A: Research can be a gift that keeps on giving. Delving into one subject often reveals all sorts of possibilities to me. One book can lead to another. That happened with Answering the Cry for Freedom: Stories of African Americans and the American Revolution.

My last book, Mumbet’s Declaration of Independence, tells the story of Elizabeth “Mumbet” Freeman, an illiterate Massachusetts slave who sued her owner to gain her freedom in 1781. Her successful suit led to the abolition of slavery in the state in 1783.

Researching African American Revolutionary era history for Mumbet, I found more people with amazing life stories. Some of these men and women I knew about. Others were unknown to me.

Why not put them all into one book – the known and the unknown? It seemed like a good idea at the time.  After seven years of research, writing, and revising I still think it was a good idea. In the middle of those seven years, I wasn’t always so sure!

I chose to write about 13 men and women: enslaved and free, northern and southern, Patriot and Loyalist. My final choices were based on three criteria: they lived in the Revolutionary era, they were motivated by a quest for freedom and equality, and I could find enough historical evidence to tell a good story.

Some of these men and women changed history. Others were known only to their family and neighbors.

Q: What were some of the ways the people you write about "answered the cry for freedom" during and after the Revolutionary War?

A: African Americans fought a parallel battle during the American Revolution. They supported either independence or British rule, but they also fought for their own freedom from slavery.

Elementary and secondary history classes don’t reveal how the British freed Patriot slaves who escaped to them during the war. Twenty thousand men, women, and children answered that cry for freedom.

Others joined the American Continental Army, hoping their service would bring them freedom. Sometimes it did, sometimes it didn’t. Some made agreements with their owners to earn money in their free time to buy their freedom. And many escaped to northern states, taking a chance that slave catchers wouldn’t find them.

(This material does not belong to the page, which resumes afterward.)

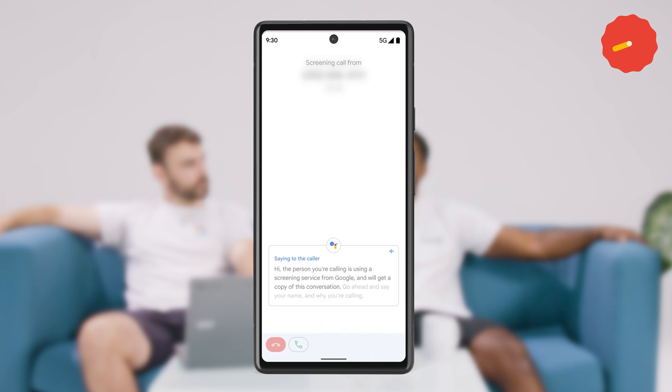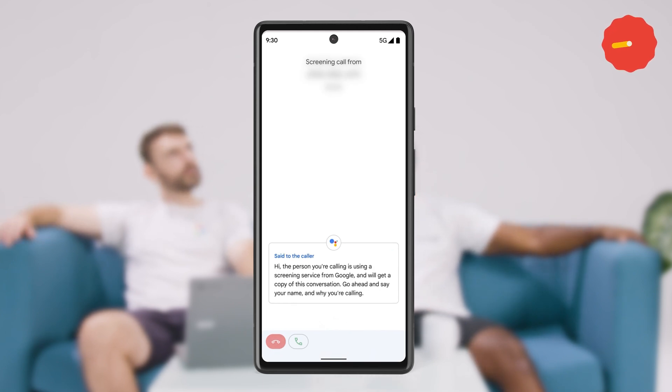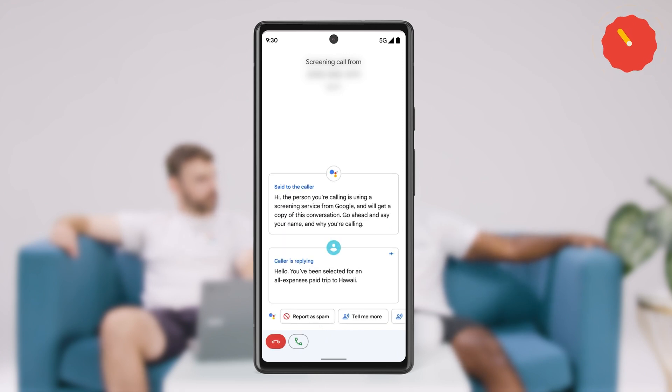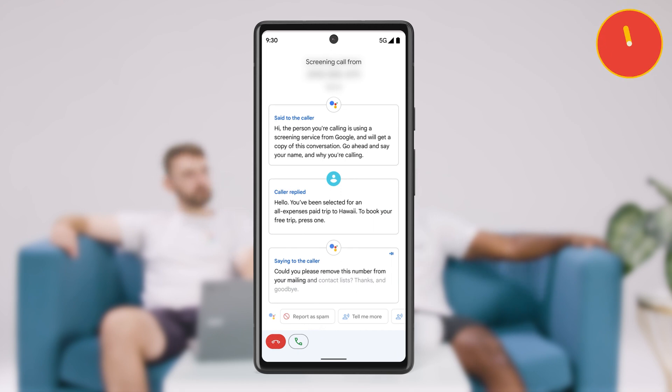Press this and Google Assistant will answer the phone for you. It will tell the caller that you're using a screening service, then ask who they are and why they're calling. Google Assistant transcribes everything the caller says. You can then choose to pick up the call, hang up, or ask Google Assistant to respond on your behalf to get more information from the caller.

But freedom from slavery was just the beginning. African Americans wanted equality, and began to take political action and form independent churches to further their cause.

Q: Your first chapter deals with Boston King. Why did you choose to begin with him, and what does his story say about African American life at the time of the Revolutionary War?

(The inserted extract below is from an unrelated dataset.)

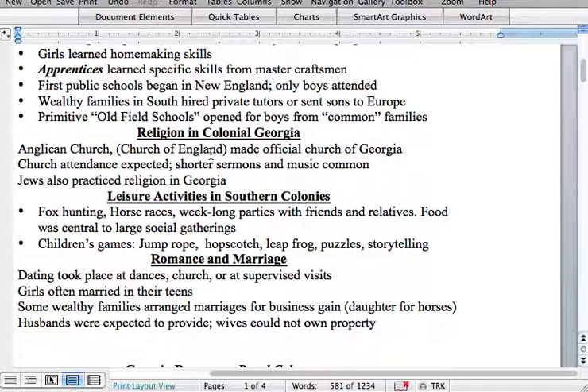Romance and marriage: dating took place at dances, church, or at supervised visits. Girls often married in their teens. Some wealthy families arranged marriages for business gain — for instance, in return for allowing you to marry a daughter, there might be an exchange of horses and land as financial gain between two families. Husbands were expected to provide for their family and work, while women were expected to stay home, take care of the children and family, and have a meal ready when their husbands got home.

A: The book is organized into four parts. The first part presents the lives of three men who saw action on the battlefields. Agrippa Hull and James Armistead Lafayette fought with the Americans, and Boston King fought with the British. I wanted to present a story about the British emancipation right up front. So Boston King came first.

Q: The last person you look at is Jarena Lee. Why did you end with her, and what do you see as her legacy?

A: I had chosen a dozen subjects for the book. Then I discovered Jarena Lee and I couldn’t leave her out.

First, she lived such an extraordinary life – traveling thousands of miles for three decades through the barely settled northern United States, fighting against sexist opposition, fulfilling her dream of preaching the gospel, and proving that women could succeed in a profession that men tried to deny them.

Second, Lee’s story is unknown to young people. She is the youngest of my subjects and lived to see the early years of the women’s rights movement.  

Q: What are you working on now?

A: I’m working on more biographies of little-known people. There are so many wonderful stories out there that have not been written for children.

Q: Anything else we should know?

A: I’m thrilled to bits about Greg Christie’s stunning cover and illustrations for the book. I’ve long admired his work and feel privileged to work with him on Answering the Cry for Freedom.

Early in the research phase, I took a field trip from Virginia to Philadelphia; western Massachusetts; Boston; Portsmouth, New Hampshire; and Shelburne, Nova Scotia to visit the places my 13 subjects lived. Stepping into the landscapes and homes, walking the streets of plantations, towns, and cities, I got a clearer sense of the lives my heroes lived.

I hope that Answering the Cry for Freedom will encourage readers to look for more untold stories. History is full of them, but so are our own families and communities. Everyone has a story to tell.